Biogen's BG00011 is an integrin inhibitor. How will it differentiate to other drugs with the same MOA such as Pliant Therapeutics or GSK's 3008348, an integrin alpha V beta 6 antagonist that is inhaled (nebulized)?

Added By: c_admin
Q16.

Would you rather see a drug that is an add-on to current SoC (pirfenidone / nintedanib) or one that shows significant monotherapy results (Better efficacy in FVC and better tolerability) head-to-head vs them? 

Added By: c_admin
Q17.

What percentage of your patients have pulmonary hypertension? Do you treat this co-morbidity? For Pulmonary hypertension WHO group 3 that is associated with ILD and or inflammation like COPD or hypoxia, is this treated by pulmonologists or cardiologists?  

Added By: c_admin
Q18.

How come no company is actively pursuing moderate-to-severe IPF? What is your definition of this patient segment? What percent of patients would you say are moderate-to-severe IPF at diagnosis? Does current IPF SoC less effective in more advanced patients? How would you compare the unmet need in moderate-to-severe IPF vs Mild-Moderate IPF?

Added By: c_admin
Q19.

What are your thoughts on Cedars Sinai IPF research group led by Dr. Paul Noble and Cory Hogaboam?

Added By: c_admin
Q20.

Does the trial design of GLPG1690/Biogen (with/without background therapy) vs.
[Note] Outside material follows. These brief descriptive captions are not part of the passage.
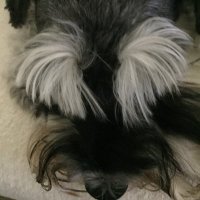 Coconuts (@cocoshortstuff) 's Twitter Profile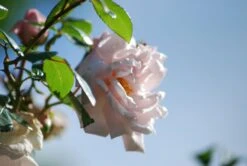 Kletterrose 'New Dawn' -Edelrosen Geschaft kletterrose new dawn m002664 314518 0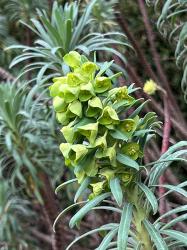 <i>Euphorbia characias</i> ssp. <i>wulfenii</i>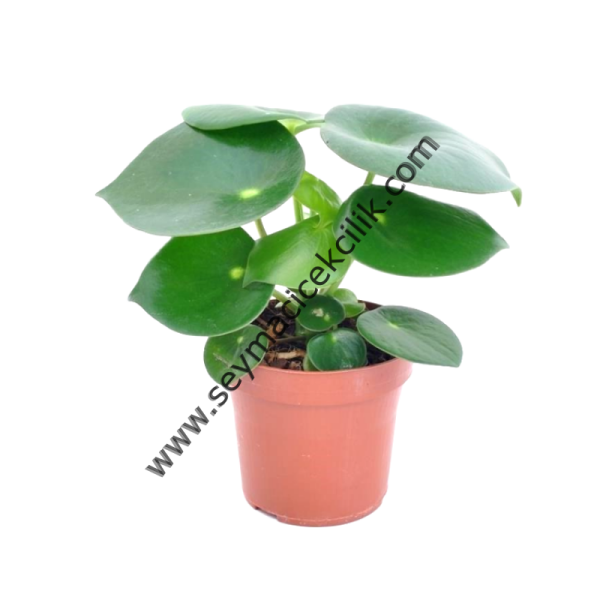 Peperomia Polybotrya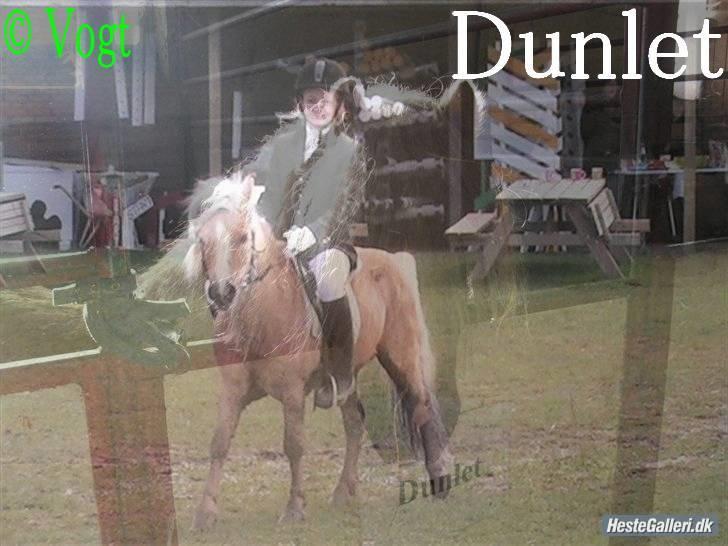 Anden særlig race Dunlet(har redet)<3<'3<3 billede 14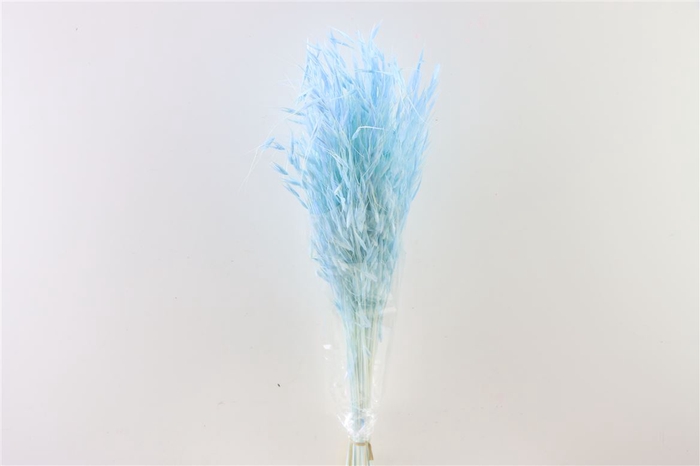 Dried Avena Salv L Blue Bunch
Fibrogen's monotherapy impact how you would use those therapies in practice (if all are approved)?

Added By: c_admin
Q21.

How eager are patients to enroll in the three programs?  Is one more likely to enroll more rapidly than the others? Why?

Added By: c_admin
Q22.

Galapagos reported data using FRI by Fluida
https://respiratory-research.biomedcentral.com/articles/10.1186/s12931-018-0918-5
which they claim shows disease progression earlier than FVC because effects in lower lobes can be detected before impact is made on FVC.  The paper above actually is with Fibrogen data.   If you are familiar, what are you thoughts on the technology particularly how it may pertain to ability to predict clinical success based on what Galapagos has seen with their 12 week study?

Added By: c_admin
Q23.

Berenberg Capital Markets recently had a report on Galapagos.  In it they indicate SPIRIT (BG00011/STX-100) was recently halted.  They said Galapagos confirmed this to them as well.  Any insights as to what may be the reason and what future prospects are?